General Responsibilities/Activities:

  1. Assist in the capture of bats for the purpose of attaching transmitters to silver-haired bats (target species: being reviewed federally by COSEWIC for possible Endangered status due to mortality caused by wind turbines).
  2. Assist in the tracking of transmitted bats using telemetry equipment to locate tree roosts. Radiotelemetry is a highly transferrable skill used by biologists to track many species of fish and wildlife.
  3. Develop team-building skills during capture and tracking, where multiple field biologists will be working together.
  4. Learn how to describe tree roosts, including tree identification and associated habitat assessments.
  5. Make clear and detailed field notes including detailed descriptions and maps of roost trees where necessary, demonstrating and continuing to develop good communication and observation skills.
  6. Learn how to maintain and deploy bat detectors used in bat monitoring – this is a highly transferrable skill used by most consulting biologists for the inventory and monitoring of bats.
  7. Monitor artificial bat roosts and wildlife trees including visual inspections for bat use, guano collection, and inspection for use by non-target wildlife.
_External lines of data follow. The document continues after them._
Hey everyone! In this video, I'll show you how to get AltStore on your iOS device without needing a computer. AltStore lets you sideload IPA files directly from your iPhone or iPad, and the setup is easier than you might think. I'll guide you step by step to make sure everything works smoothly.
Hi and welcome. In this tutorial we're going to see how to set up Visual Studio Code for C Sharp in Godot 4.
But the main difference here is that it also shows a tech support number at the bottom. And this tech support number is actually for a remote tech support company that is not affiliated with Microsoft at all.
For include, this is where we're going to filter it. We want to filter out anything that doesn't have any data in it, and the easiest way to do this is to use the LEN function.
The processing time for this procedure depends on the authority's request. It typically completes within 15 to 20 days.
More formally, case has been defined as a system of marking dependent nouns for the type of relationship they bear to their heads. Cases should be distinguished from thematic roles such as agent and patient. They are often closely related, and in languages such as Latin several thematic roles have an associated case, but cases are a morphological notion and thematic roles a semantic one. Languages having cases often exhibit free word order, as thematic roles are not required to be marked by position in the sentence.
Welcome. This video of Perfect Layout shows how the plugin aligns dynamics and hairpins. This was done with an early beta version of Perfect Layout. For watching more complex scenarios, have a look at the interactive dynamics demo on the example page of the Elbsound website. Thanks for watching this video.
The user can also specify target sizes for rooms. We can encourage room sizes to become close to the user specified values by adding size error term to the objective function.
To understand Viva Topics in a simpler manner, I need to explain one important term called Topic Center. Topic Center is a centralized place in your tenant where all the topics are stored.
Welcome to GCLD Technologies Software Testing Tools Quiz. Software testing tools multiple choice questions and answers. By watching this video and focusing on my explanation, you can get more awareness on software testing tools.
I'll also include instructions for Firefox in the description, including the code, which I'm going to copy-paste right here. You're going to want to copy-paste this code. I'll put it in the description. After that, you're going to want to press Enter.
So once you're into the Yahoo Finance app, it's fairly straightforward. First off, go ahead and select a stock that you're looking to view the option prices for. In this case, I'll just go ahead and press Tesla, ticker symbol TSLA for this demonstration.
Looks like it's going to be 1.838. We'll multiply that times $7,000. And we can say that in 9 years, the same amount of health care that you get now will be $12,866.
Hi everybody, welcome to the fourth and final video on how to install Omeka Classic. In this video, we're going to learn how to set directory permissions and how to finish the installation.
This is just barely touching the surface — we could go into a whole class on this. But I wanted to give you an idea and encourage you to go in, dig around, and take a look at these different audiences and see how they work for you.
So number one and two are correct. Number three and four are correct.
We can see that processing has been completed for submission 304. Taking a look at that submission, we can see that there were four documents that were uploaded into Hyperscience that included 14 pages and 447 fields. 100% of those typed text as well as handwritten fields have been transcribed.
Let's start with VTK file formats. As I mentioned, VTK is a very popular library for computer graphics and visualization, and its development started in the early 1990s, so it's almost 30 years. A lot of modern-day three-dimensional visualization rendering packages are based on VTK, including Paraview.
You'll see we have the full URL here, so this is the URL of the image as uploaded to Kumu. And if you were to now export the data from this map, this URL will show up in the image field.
  • 2nd-4th year university student in the biology/environmental field
  • A passion for nature and wildlife
  • Physically capable to work in strenuous physical conditions and be outdoors for long periods of time in winter.
  • Physically able to carry a 50lb backpack while in the field.
  • Able to work during the day and evenings/night when netting bats.
  • Up to date rabies vaccination in order to handle bats


  • $16.50/hour
  • Time Frame: January 2022 – April 2022
  • Full-time, Fixed-term


  • Reimbursement for rabies vaccination, if the applicant is not already vaccinated
  •  An accommodation allowance to support the cost of accommodation in Nelson, BC

How to Apply:

Please send your CV with a cover letter explaining your qualifications related to this role through the BambooHR application portal: https://wcscanada.bamboohr.com/jobs/view.php?id=23

Point of Contact: Emily de Freitas,  emdefreit@gmail.com

Deadline for applications: November 1, 2021

Requests for accommodation can be made at any stage of the recruitment process. Applicants need to make their requirements known when contacted. For questions regarding the application process please contact rchawngte@wcs.org

About WCS Canada: 

WCS Canada (www.wcscanada.org) was established as a Canadian conservation organization in July 2004. We are committed to championing accessibility, diversity, and equal opportunity. Our mission is to conserve wildlife and wild places by improving our understanding of and seeking solutions to critical problems that threaten key species and large wild ecosystems throughout Canada. We implement and support comprehensive field studies that gather information on wildlife needs and then seek to resolve key conservation problems by working with a broad array of stakeholders. We also provide technical assistance and biological expertise to local groups and agencies that lack the resources to tackle conservation concerns. WCS Canada is independently registered and managed while retaining a strong collaborative working relationship with sister Wildlife Conservation Society (WCS) programs in more than 60 countries.